We are now going beyond Python Basics to experiment with the various Python libraries for handling data. Yes, we're jumping in the deep end here! and this is a good strategy to build on the basics coverd and learn along the way.

In this lab, you will learn how to collect Twitter data and you will use the simple String manipulation techniques covered last week as well as the pandas library to compare the popularity of given words. You will also learn how to use the pyplot library to plot simple graphs. 

Social media gives organisations and businesses an unprecedented opportunity for connecting with the people and customers, and identifying relevant prospects. Analysing online text data is frequently used for opion mining, sentiment analysis, understanding followers, analysing the reach and results of poles or posts, identifying influencers, improving ROI (return on investment), and much more. 

**In this lab we will be using the Twitter Streaming API to download tweets related to the following keyword: "Brexit". By the end of this lab, you should be able to collect Twitter data using Python, do simple analysis, plot small graphs and export the data as csv/txt file.**



.

___

#1 Colleting Twitter Data using the Twitter Streaming API
Twitter provides a number of APIs to developers in order to access data programmaticlly. In this lab we will be using the Twitter Streaming API to download tweets related to the following 3 keywords: "Brexit", "Leave", and "Remain". Twitter also provides a REST API for the same purpose - you can find out more on this [here](https://developer.twitter.com/en.html). 

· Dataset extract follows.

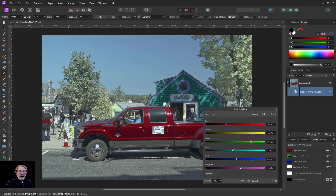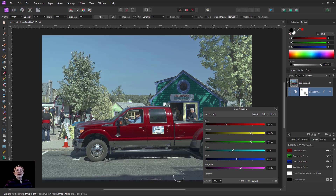And if I want to bring something back, I go to the paintbrush here, select black, and I'll paint on that to restore the original colour. Thank you.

##a) The Twitter Streaming API requires: an API key, API secret, Access Token and Access Token Secret
> To get your keys and tokens, complete the following (detailed instructions in [COMP1804_Lab3_SupportingMaterial-Twitter](https://moodlecurrent.gre.ac.uk/pluginfile.php/1188895/mod_resource/content/4/COMP1804-1819-Lab3%20SupportingMaterial-Twitter.pdf)):

1.   Create a Twitter account at https://twitter.com/signup, if you do not already have one.
2.   To collect Twitter data you need to create Twitter app. Go to https://apps.twitter.com/ and log in with your Twitter credentials.
3.   Click "Create New App".
4.   Fill out the form, agree to the terms, and click "Create your Twitter application".
5.   In the next page, click on "API keys" tab, and copy your "API key" and "API secret".
6.   Scroll down and click "Create my access token", and copy your "Access token" and "Access token secret".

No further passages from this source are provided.